Specifies the load memory address (LMA) region of the output section (optional). The value can be an expression. This option is parsed, but it has no effect on linking.

<fillexp>

Specifies the fill value of the output section (optional). The value can be an expression. This option is parsed, but it has no effect on linking.

<phdr>

Specifies a program segment for the output section (optional). To assign multiple program segments to an output section, this option can appear more than once in an output section description.

4.9. Controlling Physical addresses

In GNU linker scripts, the AT command is used to control the Load Memory Address (LMA) of a section, while the section’s placement in memory during execution is defined by its Virtual Memory Address (VMA).

Important

When an AT command is specified as part of the output section, the linker will not automatically align the load memory address of the section.

ALIGN_WITH_INPUT attribute on an output section will make the difference between the VMA and LMA intact.

We will expand this section with examples in future.

4.10. GNU-compatibility

The eld linker script syntax and semantics are GNU-compliant. This means that any linker script that works with the GNU linker should also work with eld, with the exception of a few GNU linker script features that are not yet supported by eld.

Previously, eld supported two extensions to the GNU linker script syntax. These extensions are no longer supported. Any scripts using these extensions must be updated to maintain compatibility with eld. These extensions are:

  1. Assignment without space between the symbol and =

Previously supported:

symbol=<expr>

GNU-compliant syntax (required now):

symbol = <expr>

GNU requires a space between the symbol and the assignment operator. eld now enforces this requirement. Scripts must be updated accordingly.

  1. Output section description without space between the output section name and :

Previously supported:

SECTIONS {
  FOO: {
    *(.text.foo)
  }
}

GNU-compliant syntax (required now):

SECTIONS {
  FOO : {
    *(.text.foo)
  }
}

GNU requires a space between the output section name and the colon. eld now enforces this requirement for full GNU compatibility.

4.10.1. Why cannot eld support these extensions along with GNU-compatibility?

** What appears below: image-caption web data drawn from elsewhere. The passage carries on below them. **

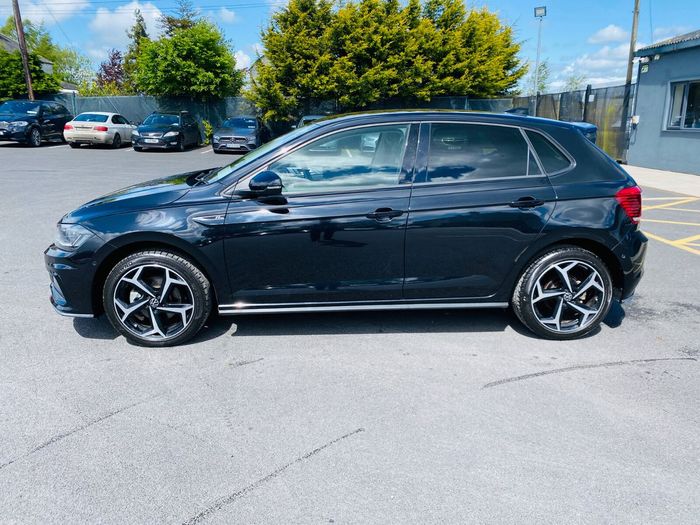 Volkswagen Polo 2021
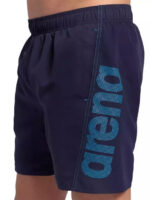 Arena Fundamentals Logo Boxer Ανδρικό Μαγιό Σορτς 006444-781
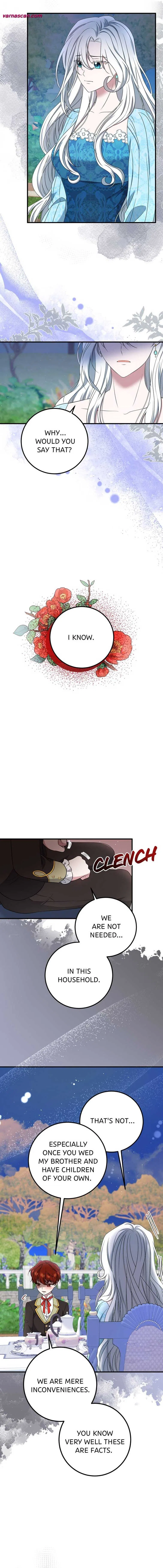 The Villainess’s Nursery Chapter 3 – Page 17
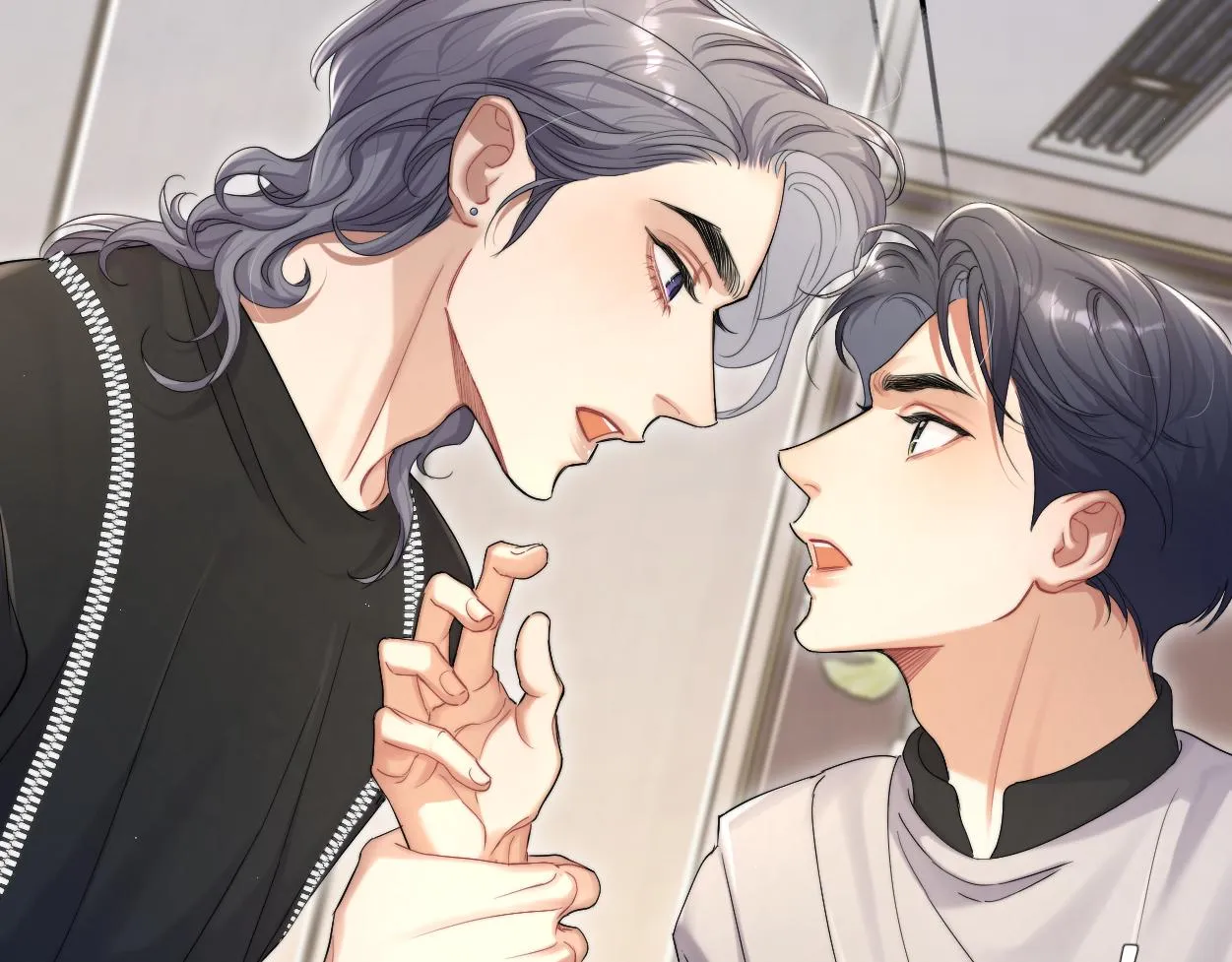 第79话 我不想伤你… 第79页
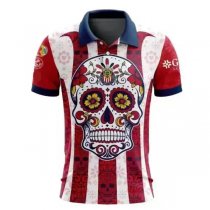 23-24 Chivas Day Of Dead Special Jersey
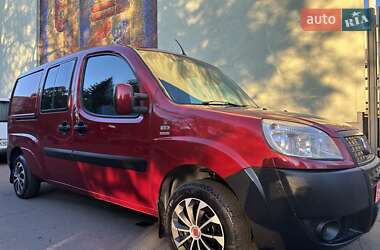 Минивэн Fiat Doblo 2007 в 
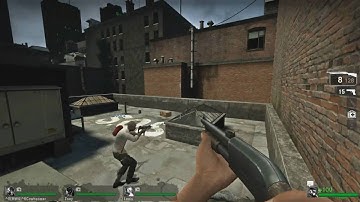 Left 4 Dead - No Mercy (Day) (Part 1)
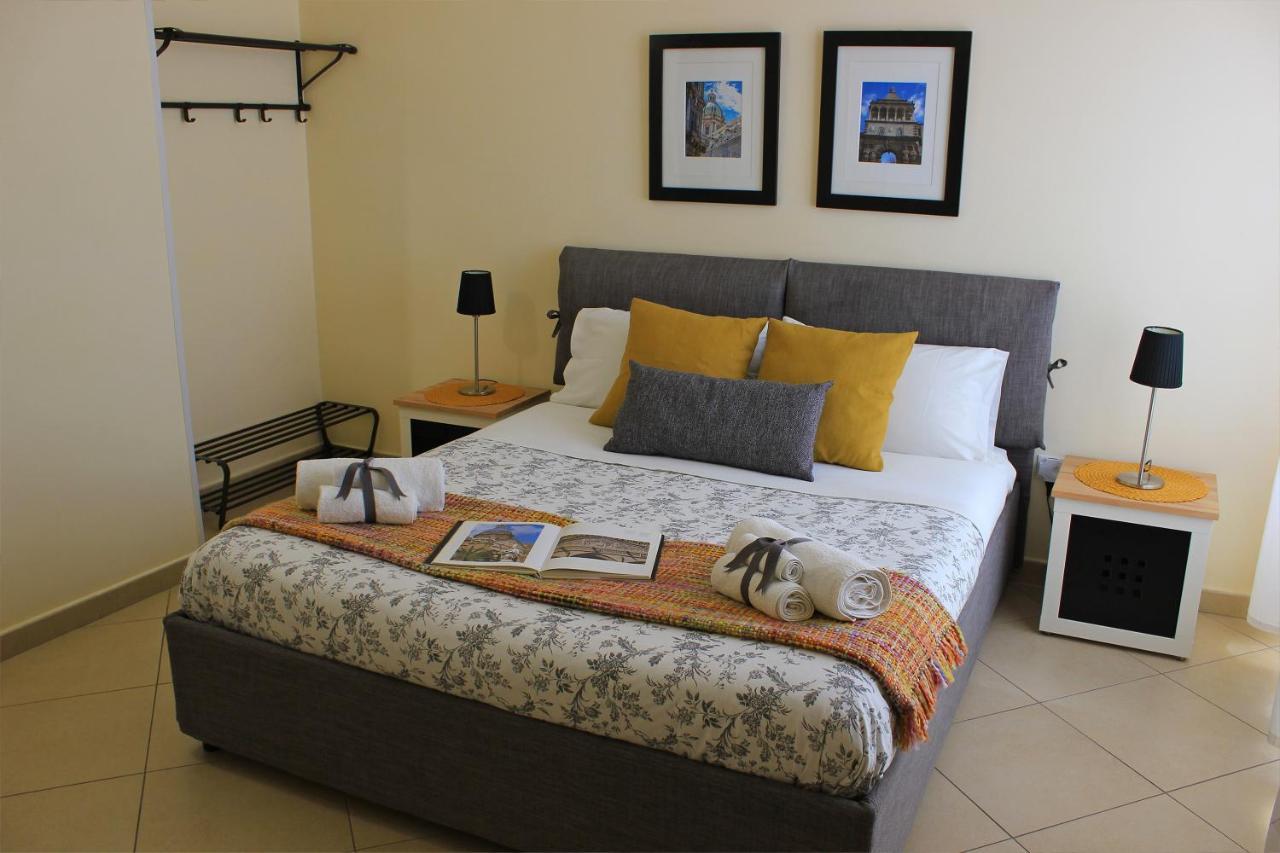 Appartement Antica Palerme Extérieur photo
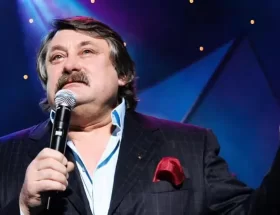 Микола Мозговий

eld cannot support these extensions along with GNU-compatibility because they directly conflict with the GNU linker script syntax. For example, GNU ld allows : in section names and allows = in symbol names. The core issue is that GNU ld uses the same lexing state to parse symbol and section names to keep the parser simple and efficient. Due to this, GNU ld also allows other non-trivial characters in symbol names such as +, -, : and so on. For example, for the below linker script snippet, gnu ld creates a symbol of the name a+=:

a+= = b # lhs symbol is a+=

eld cannot easily add exception to the two cases that were supported by eld extensions while keeping everything else the same to keep the linker script parser efficient. To support these as an exception, the parser needs to lookahead two tokens to resolve ambiguities. Let’s understand this with the help of an example:

SECTIONS {
  FOO: {
    *(.text.foo)
  }
  u=v;
}

When parsing the SECTIONS commands, the parser does not know in which LexState to parse the command. If the command is an output section description, FOO:, then the parser should parse the token in LexState::default, whereas if the command is an assignment, then the parser should parse the token in LexState::Expr. LexState::default allows some characters in tokens that are not appropriate when parsing an expression. These characters include +, -, = and more.

To correctly determine which LexState to use, the parser needs to peek (lookahead) two tokens in LexState::Expr. With the two tokens peek, the parser can determine whether the command is an assignment command or not.

This simple change requires a lot of changes in the parser. The parser needs to change from LL(1) (Simple and efficient) to LL(2) (Complex and less efficient).